The problem:
Begin the copy at the line that contains "calm, yellow crest", end it at the last line of the entries below, keep every word exact, and include no pictures.
Segment Start: Material provided
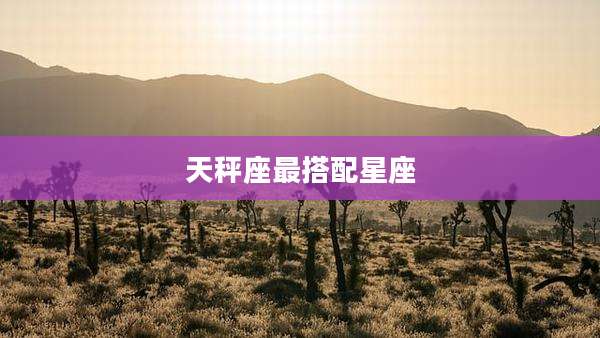 天秤座最搭配星座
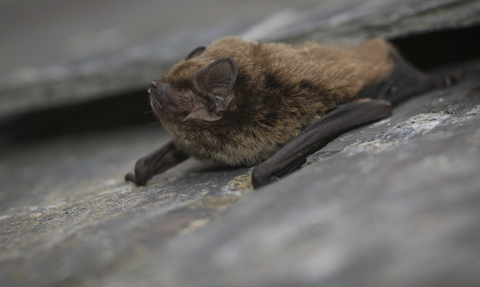 Leislers Bat emerging between roof slates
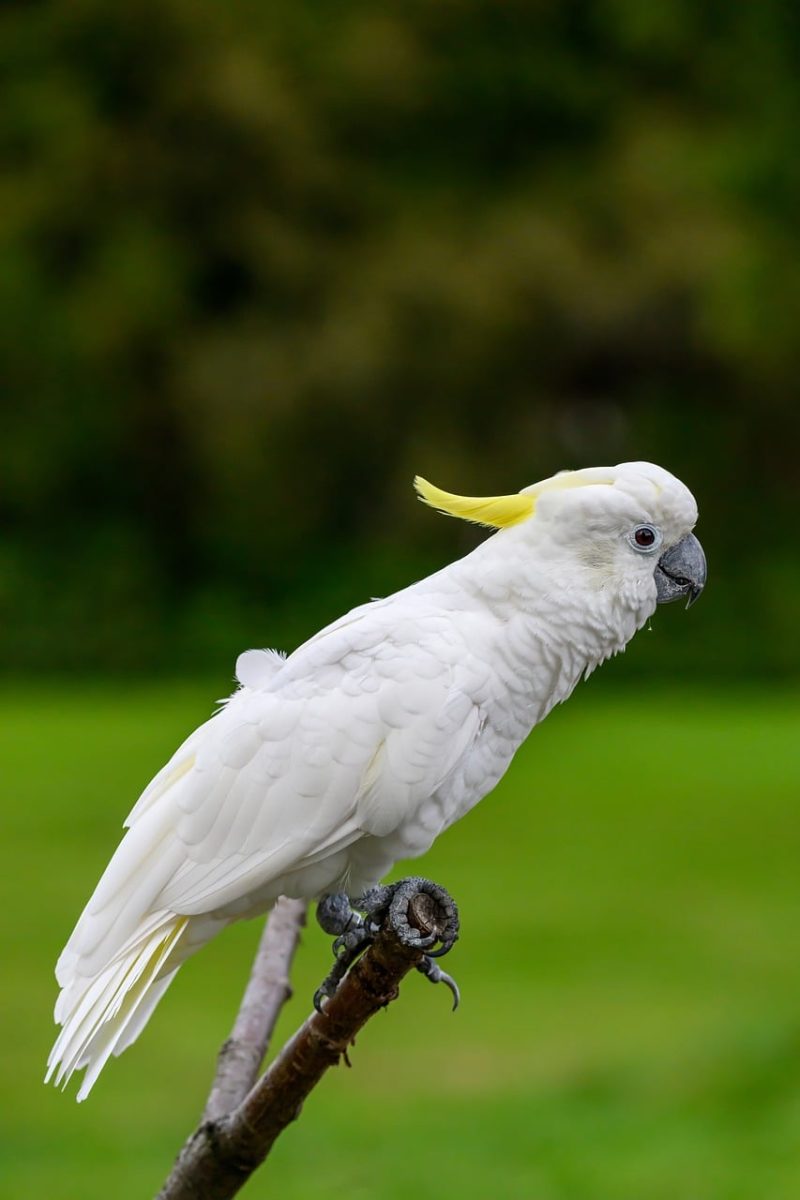 cockatoo, nature, bird, animal, parrot, plumage, perched, ornithology, birdwatching, beak, branch, white, australian, wild, outdoor, simplicity, green background, calm, yellow crest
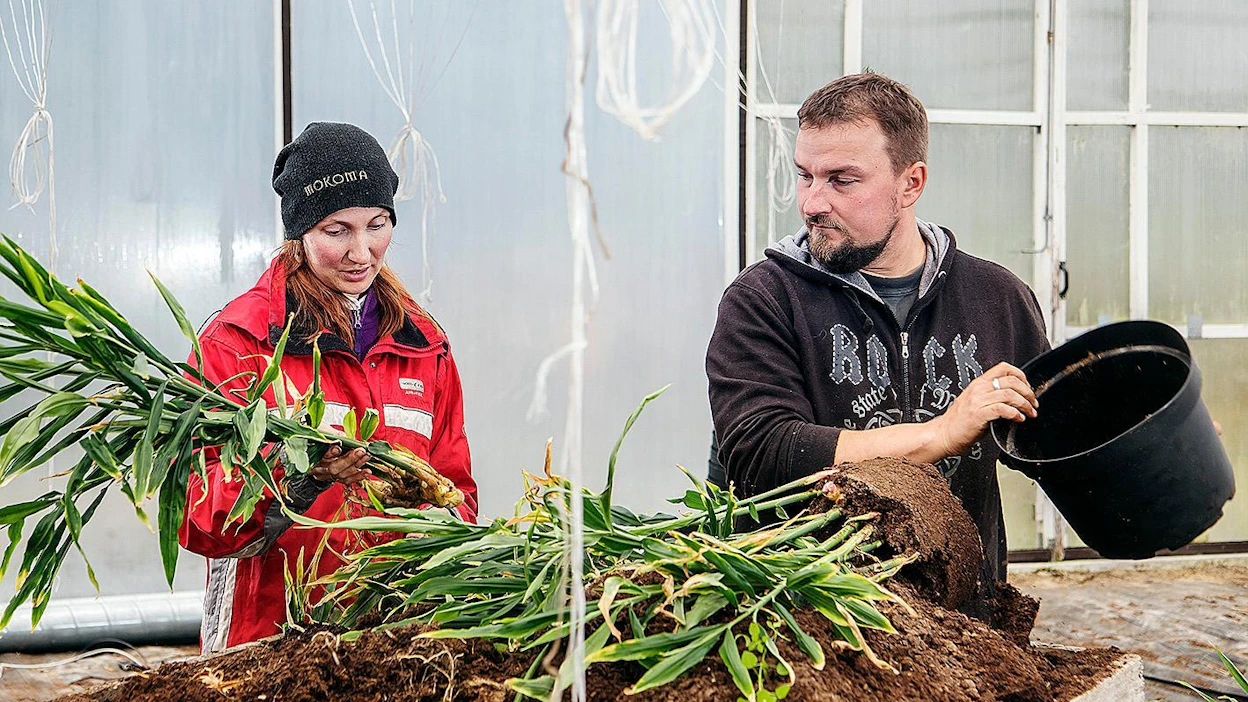"Melkein mitä vaan pystyy Suomessa kasvattamaan, mutta haasteena on, että siitä saa taloudellisesti ja ympäristölle järkevää", miettivät Hanne ja Jukka Kinnunen.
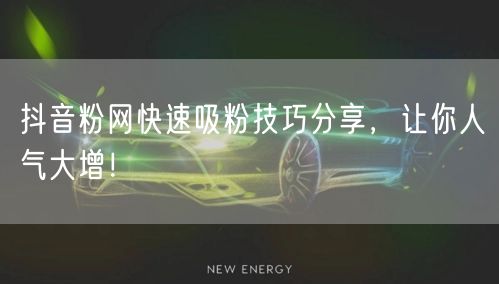 抖音粉网快速吸粉技巧分享，让你人气大增！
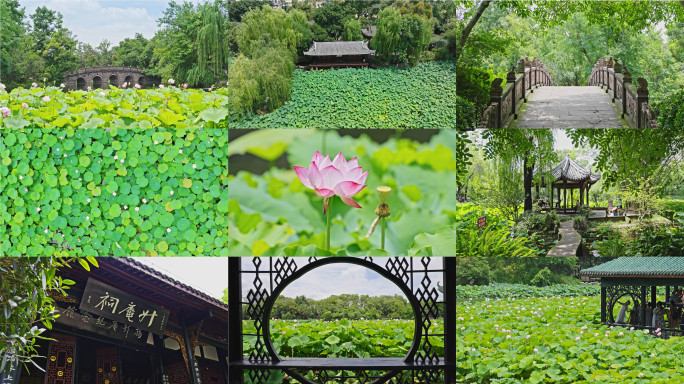 成都新都桂湖公园荷花荷叶实景航拍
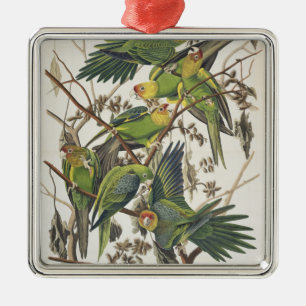 Carolina Paraket, uit 'Birds of America', 1829 Metalen Ornament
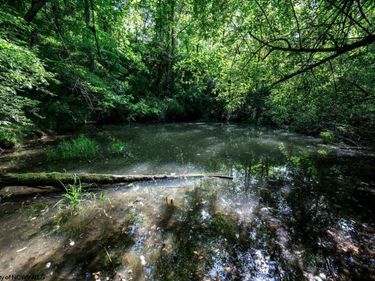 Lot 1 Hecks Run, Rivesville, WV 26588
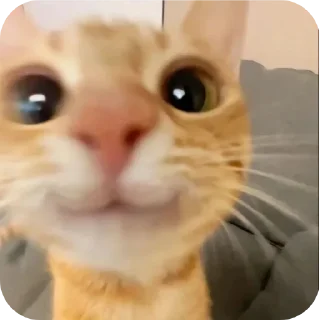 Telegram sticker 🐱 Больше стиков тут: @stikery4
Segment End: Material provided
Solved exercise:
 cockatoo, nature, bird, animal, parrot, plumage, perched, ornithology, birdwatching, beak, branch, white, australian, wild, outdoor, simplicity, green background, calm, yellow crest
"Melkein mitä vaan pystyy Suomessa kasvattamaan, mutta haasteena on, että siitä saa taloudellisesti ja ympäristölle järkevää", miettivät Hanne ja Jukka Kinnunen.
 抖音粉网快速吸粉技巧分享，让你人气大增！
 成都新都桂湖公园荷花荷叶实景航拍
 Carolina Paraket, uit 'Birds of America', 1829 Metalen Ornament
 Lot 1 Hecks Run, Rivesville, WV 26588
 Telegram sticker 🐱 Больше стиков тут: @stikery4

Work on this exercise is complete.